Elizabeth spent her life barren in a society inclined to value women solely based on their childbearing abilities. Those of you who struggle with infertility can identify with the longing and the despair and the irrational guilt that must have plagued Elizabeth. More than the internal suffering, Elizabeth would also have been subjected to open scorn and derision from her neighbors and friends, seen as one cursed.1 So when, at long last, the angel appeared to Zechariah, when her belly began to swell, when she felt the quickening of life within her, Elizabeth must have been transfigured by joy. What an incredible gift: not only motherhood, but such motherhood. To bear the prophet of the most high—it was more than she could ever have dreamed.

Visitation 2But Elizabeth was old. Old enough that this conception was more than just providential but miraculous. So when God worked this miracle and John the Baptist was conceived, there was great rejoicing and also great pain.

Elizabeth’s joints were already stiff and sore; they must not have taken 40 extra pounds well.

Elizabeth’s ligaments didn’t stretch as well as they once had; her body must have screamed in pain.

I wonder how sick she got.

I wonder how early in her pregnancy she was no longer able to get out of bed at all.

I wonder just how awful it was, this incredible blessing.

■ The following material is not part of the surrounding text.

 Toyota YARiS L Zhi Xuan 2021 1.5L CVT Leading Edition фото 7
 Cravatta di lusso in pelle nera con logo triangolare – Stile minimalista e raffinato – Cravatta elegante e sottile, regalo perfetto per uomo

Because Elizabeth’s pregnancy was a blessing, but it was a heavy blessing. She rejoiced, she gave thanks, she loved her baby. But it was really, really, really hard.

I wonder what your heavy blessing is right now. The situation you’re in that you’re able to thank God for but that still weighs on you as a cross. The unexpected pregnancy or the much-needed promotion that requires far more hours. The roommate you adore who sucks you dry emotionally. The special needs child. The big old house in need of a thousand repairs. The summer break with your kids that might drive you crazy. The amazing community that leaves you little time for sleep. The mentally ill spouse. Some things in your life might be purely awful, but many are good things that are really, really hard.

The temptation is to get caught up in the difficulty of it, to focus on the aches and exhaustion and fear of what happens when an old body gives birth. But the more we focus on all that’s ugly the more we forget the shattering beauty of what’s weighing us down. We start to define our blessings by the ways they inconvenience us instead of seeing them as gifts. We need the clarity of Elizabeth, stepping back from all the heaviness to rejoice in the goodness.

VisitationWe also need to be real and to acknowledge the struggle that it takes to accept God’s gifts. It seems so ungrateful to look at something beautiful God’s given us and complain about the attendant pain or worry or sleeplessness. But for all Elizabeth may have rejoiced in her suffering, I bet you anything she acknowledged it. I bet she asked for help. I bet she wept tears of relief when Mary showed up to help. There’s nothing unvirtuous in being honest about your struggles. And I think that when we’re honest, we open the pressure valve a little and the resentment dissipates.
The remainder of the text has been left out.